# Dallas Referral Bonus



## Manolo (Aug 6, 2015)

Hello, 

I am new to Lyft and has a question about the referral bonus. My friend sent me a referral code to join as a driver with a $500 bonus for both me and the person who referred me to lyft after completing 50 rides in a month. A few days ago I completed my 50 rides and we both got an email from Lyft that we are getting the bonus because I have completed the 50 rides requirement. My question is, my friend who referred me to lyft, will he get the $500 deposited directly to his account even though he does not drive lyft since he signed up? My $500 bonus will be deposited to my account this week. Thank you


----------



## McGillicutty (Jan 12, 2015)

How is your friend associated with Lyft?


----------



## Manolo (Aug 6, 2015)

McGillicutty said:


> How is your friend associated with Lyft?


He joined lyft as a driver 2 months ago and has not completed a single ride.


----------



## McGillicutty (Jan 12, 2015)

Manolo said:


> He joined lyft as a driver 2 months ago and has not completed a single ride.


Why wouldn't he get it electronically deposited in whatever bank account he gave them when he applied?


----------



## Manolo (Aug 6, 2015)

McGillicutty said:


> Why wouldn't he get it electronically deposited in whatever bank account he gave them when he applied?


He got the email stating that I just gave 50 rides. A $500 bonus was applied to your account for referring them to lyft. He went to his driver app and did not see the $500 referral bonus on his app.

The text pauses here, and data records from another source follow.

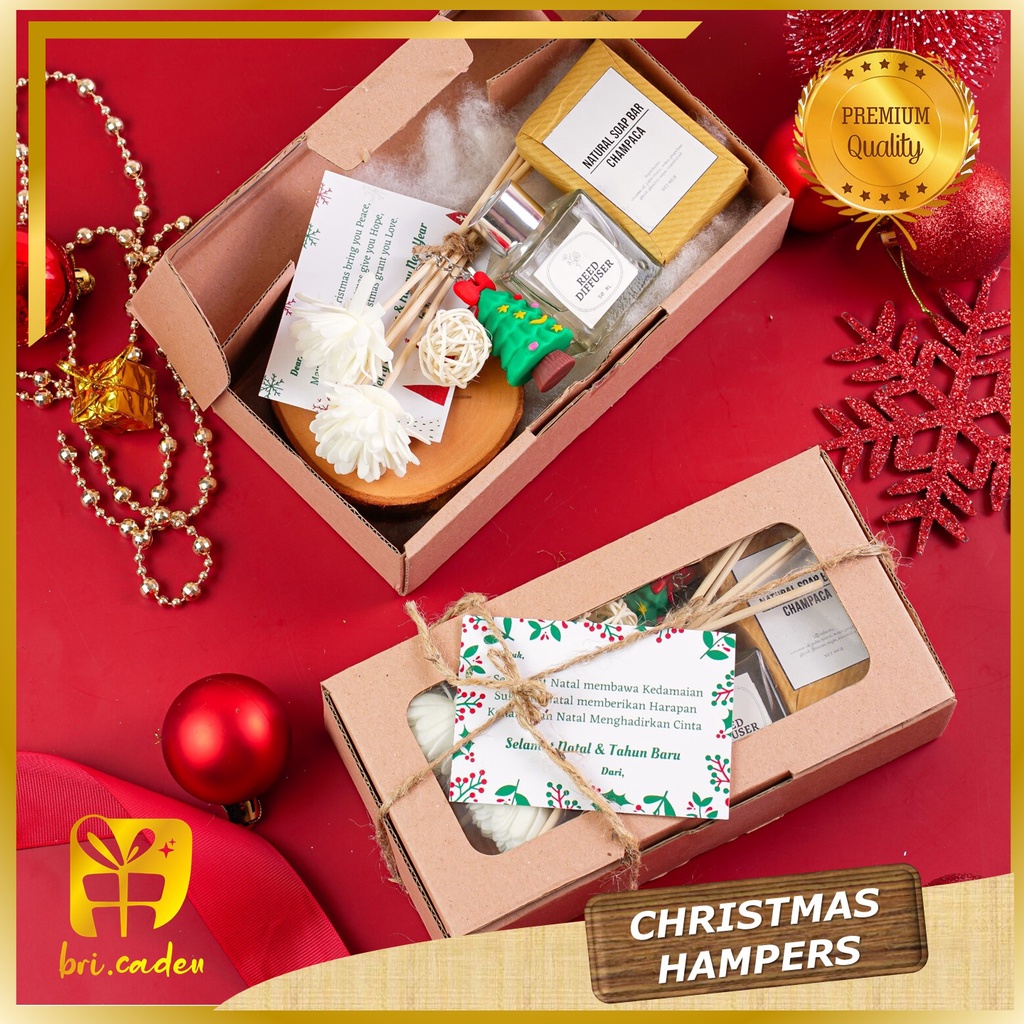 Hampers Natal 2021 Hadiah Natal Christmas Hampers Kado Box Natal Xmas Hampers Xmas Gift Parcel Parse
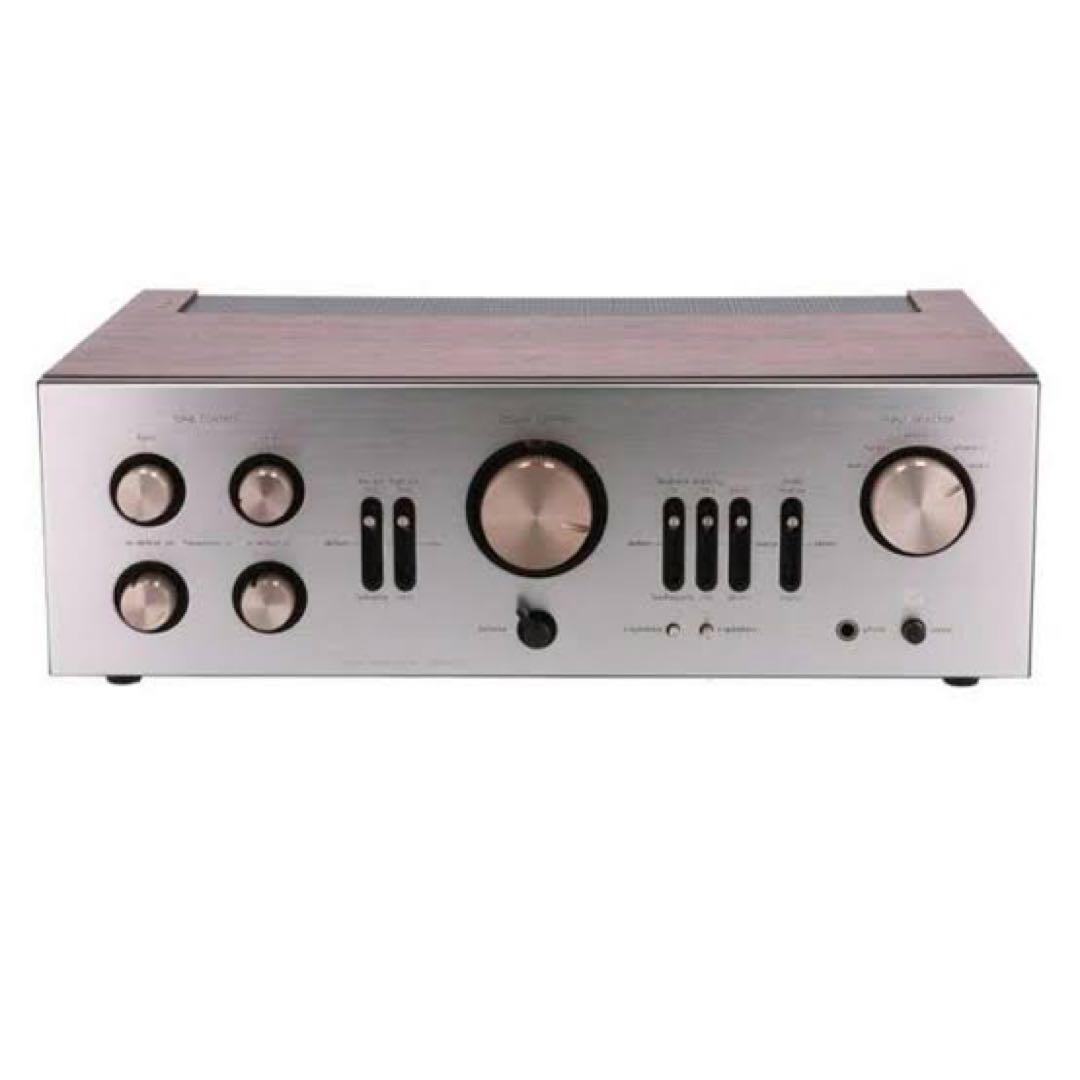 LUXMAN L-80V プリメインアンプ　レトロ　ビンテージ　オーディオ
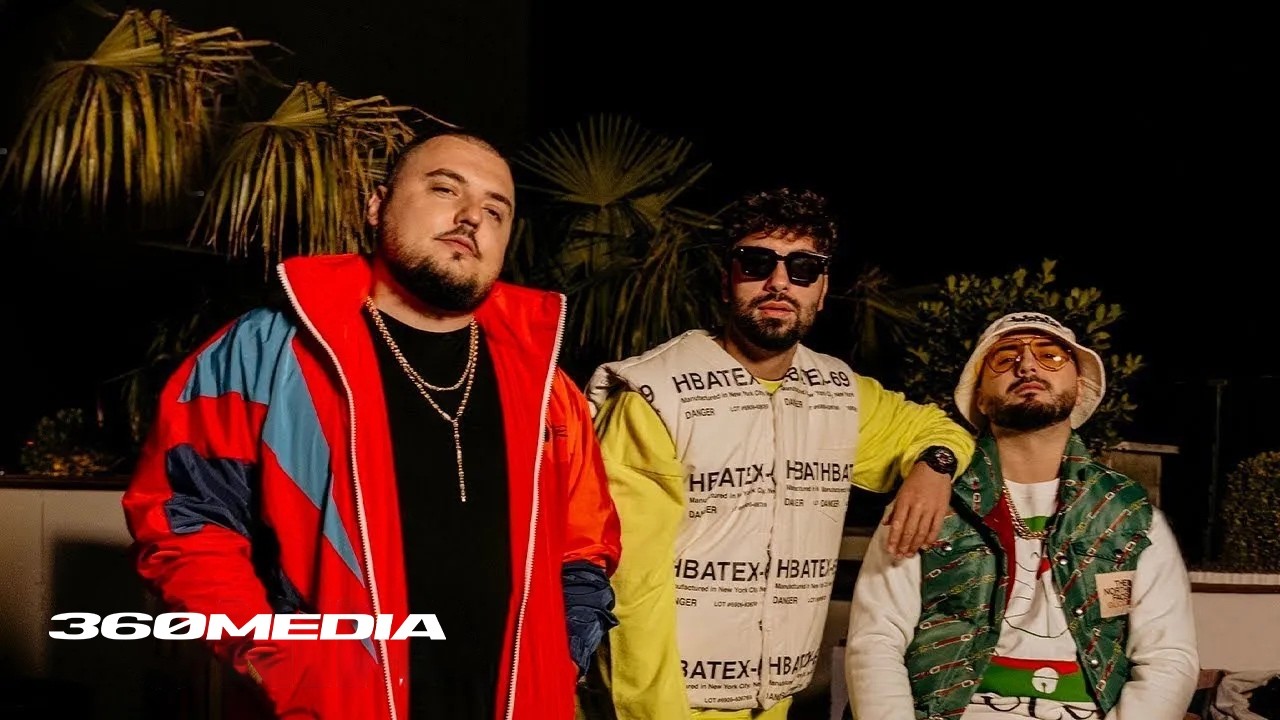 LEDRI VULA x LUMI B x GJIKO - ÇA BONE? (WHATS POPPIN)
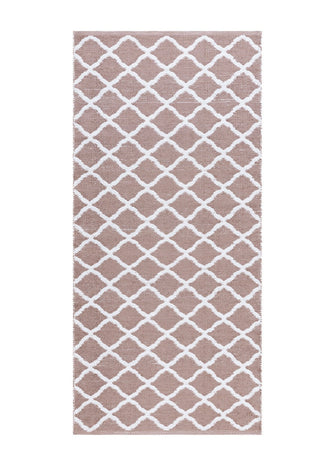 Hilma Wave Rosa - Plastmatta - KM Home | Mattfabriken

I am curious if he would get the $500 bonus deposited either this wednesday or thursday.


----------



## McGillicutty (Jan 12, 2015)

Is it on his weekly earnings summary that get's emailed on Tuesdays?


----------



## Manolo (Aug 6, 2015)

McGillicutty said:


> Is it on his weekly earnings summary that get's emailed on Tuesdays?


I havent ask him yet and see if he got a weekly payment summary.


----------



## andaas (May 19, 2015)

I think you need to not worry about your friend. This is his problem. If you got your $500, you held up your end of the deal; Lyft held up their end of the deal. Your friend, who has never driven, needs to figure his own shit out.


----------